- WHAT TO DO -
Send back the records exactly as written, with no images.

- RECORDS TO PROCESS -
== Segment start ==

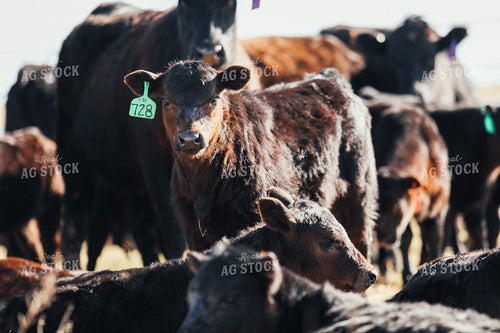 Angus Calves 53024
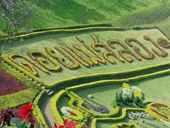 Doi Mae Salong & Mae Sai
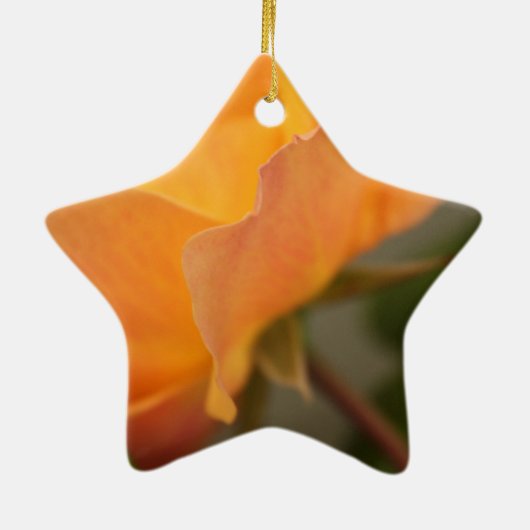 Schöne gelbe Rosenblütenfotografie. Keramik Ornament (Hinten)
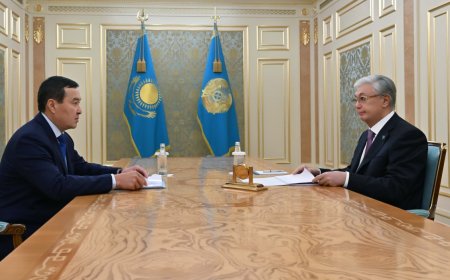 Мемлекет басшысы Әлихан Смайыловты қабылдады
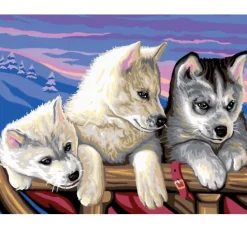 Malen nach Zahlen "Huskies"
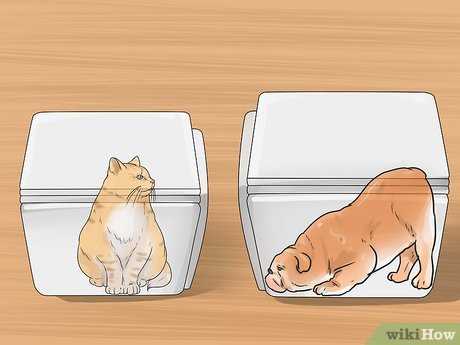 Basic Training Techniques for Cats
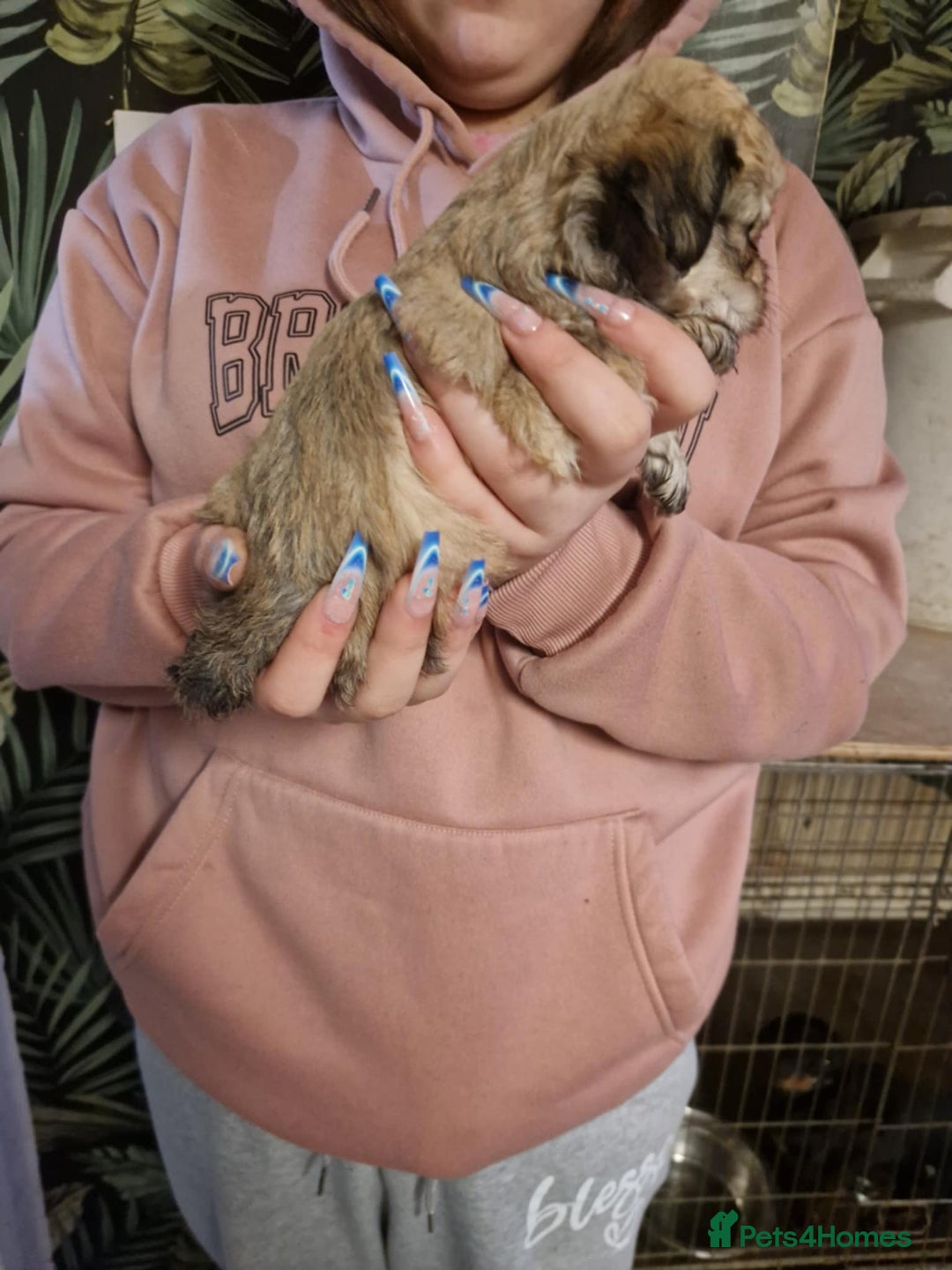 Mixed Breed dogs for sale: Lhasa Apso X Yorkshire terrier - Advert 3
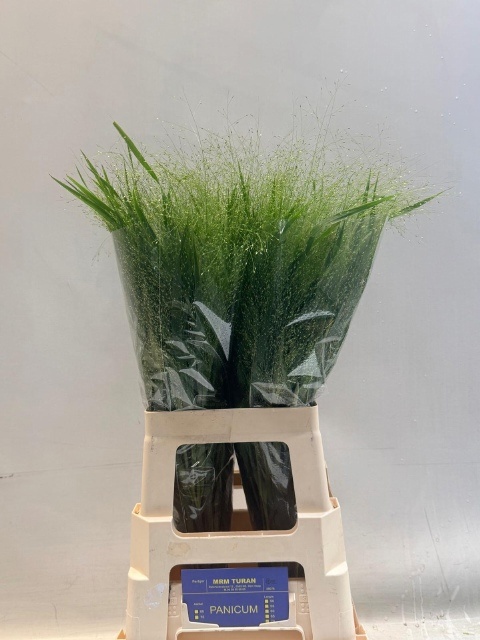 Panicum Fountain 70cm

== Segment end ==

- COMPLETED EXERCISE -
 Angus Calves 53024
 Doi Mae Salong & Mae Sai
 Schöne gelbe Rosenblütenfotografie. Keramik Ornament (Hinten)
 Мемлекет басшысы Әлихан Смайыловты қабылдады
 Malen nach Zahlen "Huskies"
 Basic Training Techniques for Cats
 Mixed Breed dogs for sale: Lhasa Apso X Yorkshire terrier - Advert 3
 Panicum Fountain 70cm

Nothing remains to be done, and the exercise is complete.